Lead Bioinformatician Harvard Medical School, United States
Abstract: The complexity of the mammalian retina arises from the unique combination of extrinsic and intrinsic factors in its development. Several single-cell RNA seq datasets have been generated to study retina and retinal organoids. We propose to investigate human retinal development and the questions of cell fate specification, cell class and cell type heterogeneity, and regulation of cell trajectory by intrinsic and extrinsic factors. We start with the scRNA-seq data for human developing healthy retina and retinal organoids.
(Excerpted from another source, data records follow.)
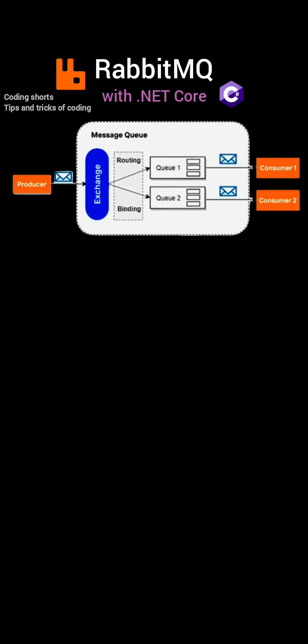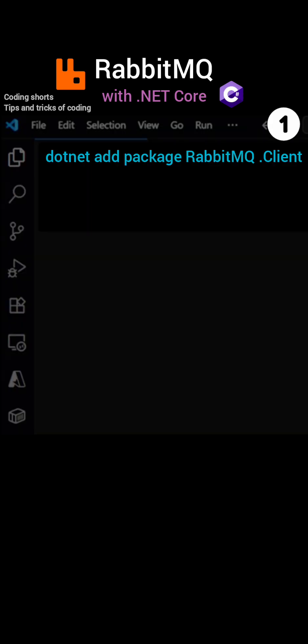Below is a minimal end-to-end example that works with .NET 678. First install the package: dotnet add package rabbitmq.client.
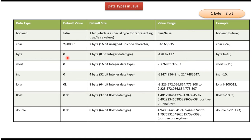Byte: default value is 0, default size is 1 byte, and it is an 8-bit integer data type with a range of -128 to 127. Here you can see the example.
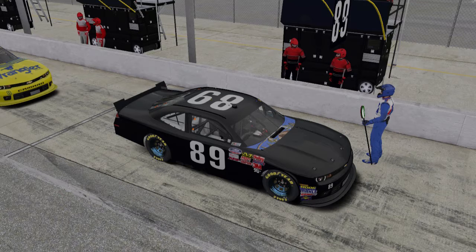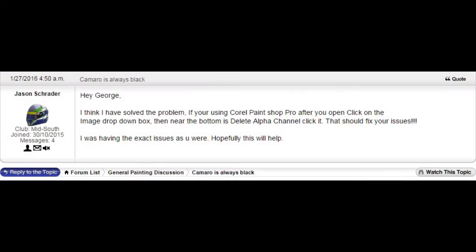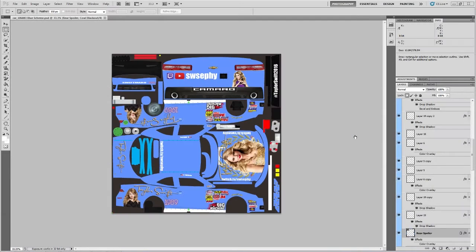Some threads have been made in the iRacing paint forums, and Jason Schrader has posted a fix that worked for me. His fix was for Corel Paint Shop Pro, and under Channels there's an option to delete a channel. I don't use that — I use Photoshop.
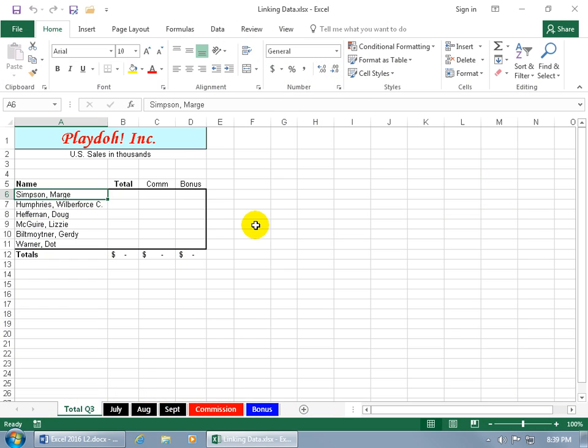What you're looking at here is a mini database for the company Play Doe Inc., and the sales is in thousands of dollars, and it's for these employees.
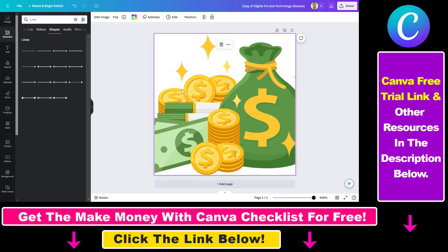So in this case, all you have to do to change your transparency and make this image more transparent is to select the image. Then you're going to see this transparency icon here — click on that — and you can see currently it's at 100% on this scale.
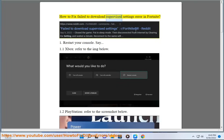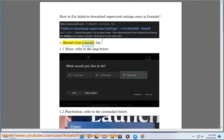How to Fix Fail to Download Supervised Settings Error in Fortnite. First, restart your console.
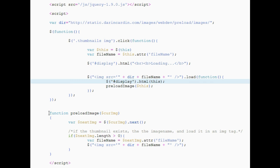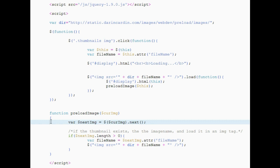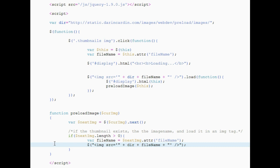In this function, we get the thumbnail to the right of the current thumbnail and load it into an image tag. Nothing is done with this tag — it will disappear when the function returns. But the browser will store that image in its cache. The fact that this image gets cached is how we get the instant load time.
We focus on the methods of data transformation (Harmony, scVI, ForceAtlas2) and cell-cell interactions analysis (CellChat, Scriabin), cell fate trajectory reconstruction and time transformation (scvelo, scFates, CytoTRACE2). We establish a human fetal retina and human retinal organoids atlas by integrating scRNA-seq datasets into a high-resolution map of retinal development. We use pseudotime with the cell fate trajectory reconstruction, potency and trajectory density methods to deconvolute the transcriptional signal. We demonstrate the application of pseudotime approaches in reconstruction of retinal ganglion cells (RGC) development to unravel the heterogeneity behind cell maturation. We discover hundreds of de novo development-oriented targets from both cell-intrinsic and cell-extrinsic prospectives of retina and RGC maturation. We show how maturation states contribute to forming the environment sufficient for retina development. Our findings confirm developing retina to be a closed and self-supporting system. We demonstrate the comparison of 27 organoids differentiation protocol with such metrics as cell commitment, similarity to native retina, development timepoint correlation, and transplantation probability prediction. We integrate and publish two new tools for the data analysis: a human fetal retina and human retinal organoids atlas. We show how switching from canonical timepoint to pseudotime in studying the cell fate changes the understanding of fate driving genes. Both the atlases can be used as a community tool for analyzing, reference mapping and annotation of the sequencing data. The resulting reference map, publicly available at CellxGene portal, serves as a template for cell differentiation, reprogramming, and transplantation.
Funding Source: NIH/NEI–5U24EY029893-05 (P.B.), NIH/NEI–P30EY003790 (Core Facility Grant), Bright Focus Foundation–G2020231 (P.B.), Gilbert Family Foundation–GFF00 (P.B.), Department of Defense - VRP FTTSA (P.B).